INSTRUCTIONS FOR THE TASK. Taking the line with "10-foot mysterious metal" as the first and the line with "Meteora Font –" as the last, set down the lines below exactly, pictures excluded.

DATA SHOWN.

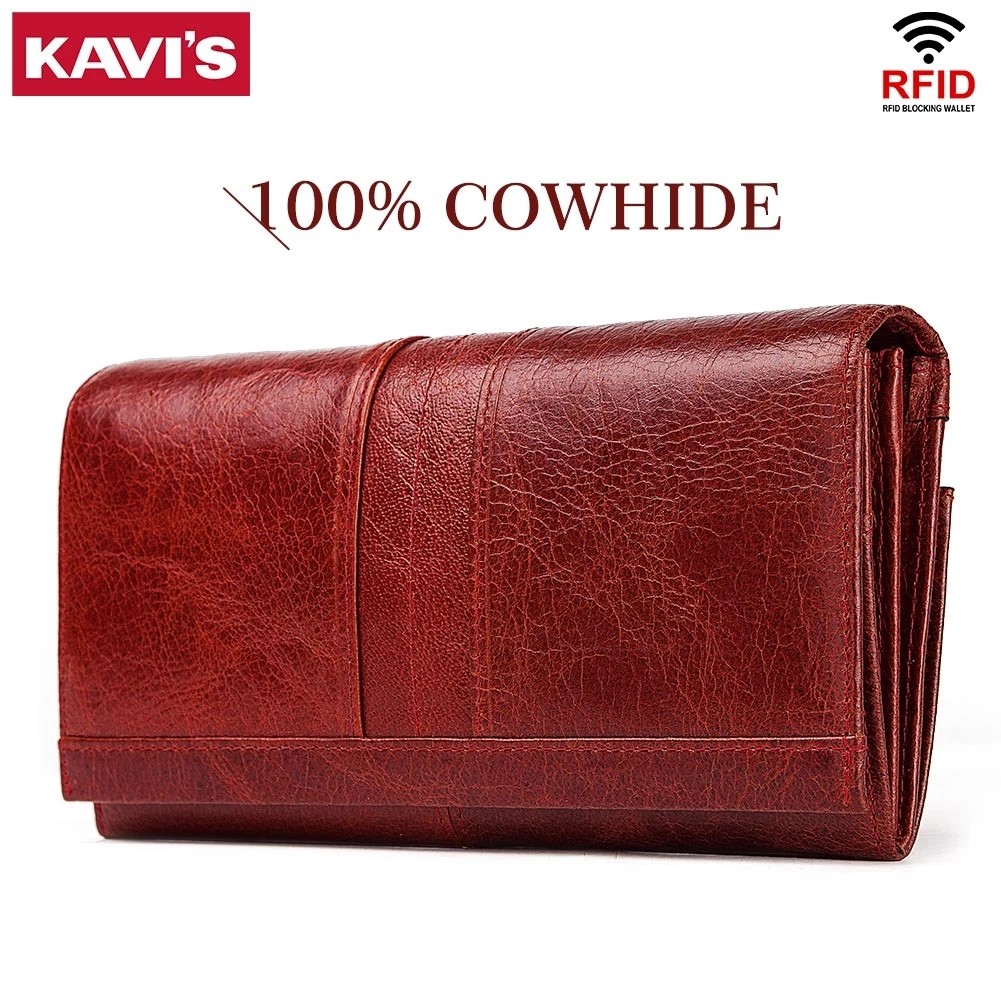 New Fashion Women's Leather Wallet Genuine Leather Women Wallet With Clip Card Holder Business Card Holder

* * *

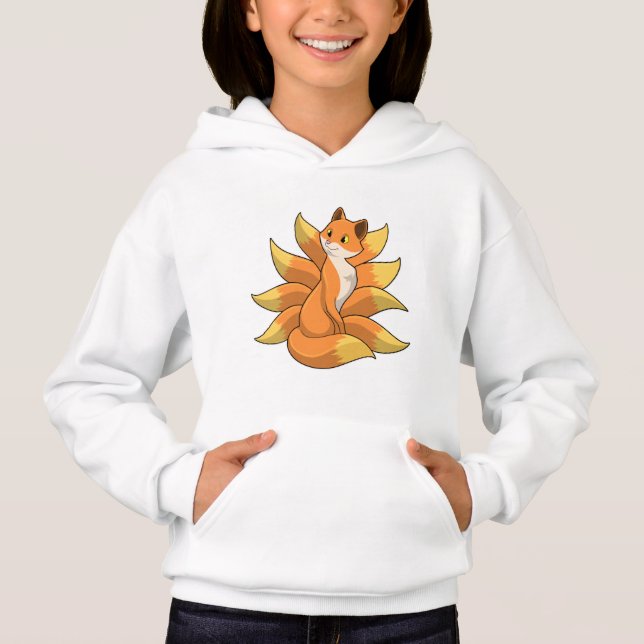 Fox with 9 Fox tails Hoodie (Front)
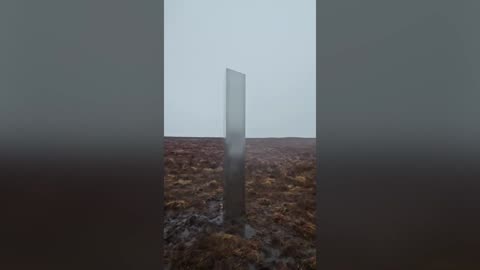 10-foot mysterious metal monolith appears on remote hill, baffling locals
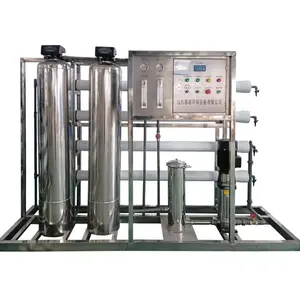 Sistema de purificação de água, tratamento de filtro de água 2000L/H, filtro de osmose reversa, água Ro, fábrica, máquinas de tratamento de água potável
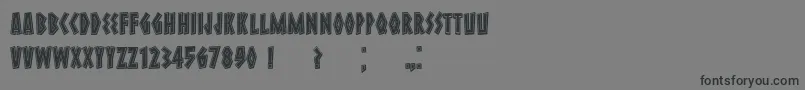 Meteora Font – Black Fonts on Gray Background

TASK OUTPUT.
 10-foot mysterious metal monolith appears on remote hill, baffling locals
 Sistema de purificação de água, tratamento de filtro de água 2000L/H, filtro de osmose reversa, água Ro, fábrica, máquinas de tratamento de água potável
 Meteora Font – Black Fonts on Gray Background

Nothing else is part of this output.